Each method has its own advantages and disadvantages:

Advantages of `brk()`: The caching mechanism can reduce page faults and improve memory access efficiency. However, since this memory isn't returned to the system, frequent allocation and deallocation may lead to fragmentation.
Advantages of `mmap()`: Memory allocated through mmap() is returned to the system upon deallocation, preventing fragmentation. However, mmap() can introduce page faults during allocation, which increases kernel management overhead in memory-intensive scenarios. Hence, malloc() resorts to mmap() only for large memory blocks.

It's essential to note that memory is not actually allocated when these calls are made. Real allocation only occurs upon first access via page faults, prompting the kernel to allocate memory.

In general, Linux employs a buddy system for memory management. As previously mentioned, memory is organized in pages by the MMU, and the buddy system also manages memory in pages, merging adjacent ones to reduce fragmentation (such as that caused by brk()).

You may wonder how memory is allocated for objects smaller than a page, like those under 1K.

In practice, numerous objects fall below a page's size, and allocating a separate page for each would waste memory. Thus, in user space, memory allocated by malloc() through brk() is cached for reuse rather than returned to the system immediately. In kernel space, Linux utilizes a slab allocator to manage small memory objects.
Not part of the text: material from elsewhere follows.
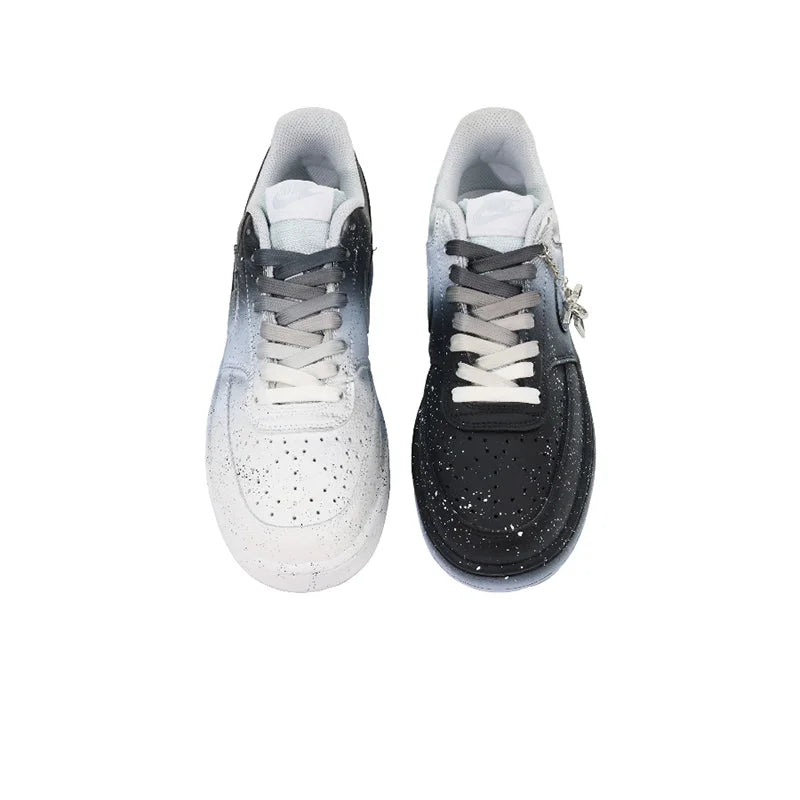Custom Sneakers Nike Court Vision "Nightfall" Gradient Non-Slip Unisex Low-Top Sneakers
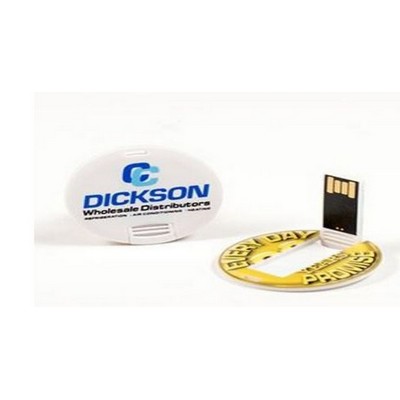 Mini Round Credit Card USB Drive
The slab functions as a cache built on the buddy system, primarily for allocating and freeing small kernel objects.

If memory is allocated but not deallocated, it can lead to memory leaks, exhausting system memory. Thus, applications must invoke free() or unmap() to release memory once it is no longer required.

Naturally, the system prevents a process from consuming all available memory. When memory runs low, various mechanisms are employed to reclaim it, including:

Reclaiming Cache: Utilizing the LRU (Least Recently Used) algorithm to recover the least recently used memory pages.
Reclaiming Infrequently Accessed Memory: Moving seldom-used memory to disk swap space (paging out). When accessed again, it is retrieved from the disk back into memory (paging in).
Killing Processes: In critically low memory conditions, the system may employ the OOM (Out of Memory) killer to terminate processes consuming substantial memory to safeguard the system.

The method of reclaiming infrequently accessed memory involves swap space, a disk area serving as an extension of RAM. It temporarily retains data not currently in use and retrieves it when necessary.

Thus, swap space enhances the system's available memory. However, swapping only occurs under low memory conditions, and since disk read/write speeds are significantly slower than RAM, this can result in severe performance degradation.

The OOM mechanism serves as a kernel protective measure. It monitors process memory utilization, assigning an oom_score to each based on their memory consumption:

Higher `oom_score`: Indicates that the process uses more memory and is more likely to be terminated by OOM.
Lower `oom_score`: Signifies less memory usage and a lower likelihood of being killed by OOM.

Administrators can manually set a process's oom_adj value through the /proc filesystem to adjust the oom_score.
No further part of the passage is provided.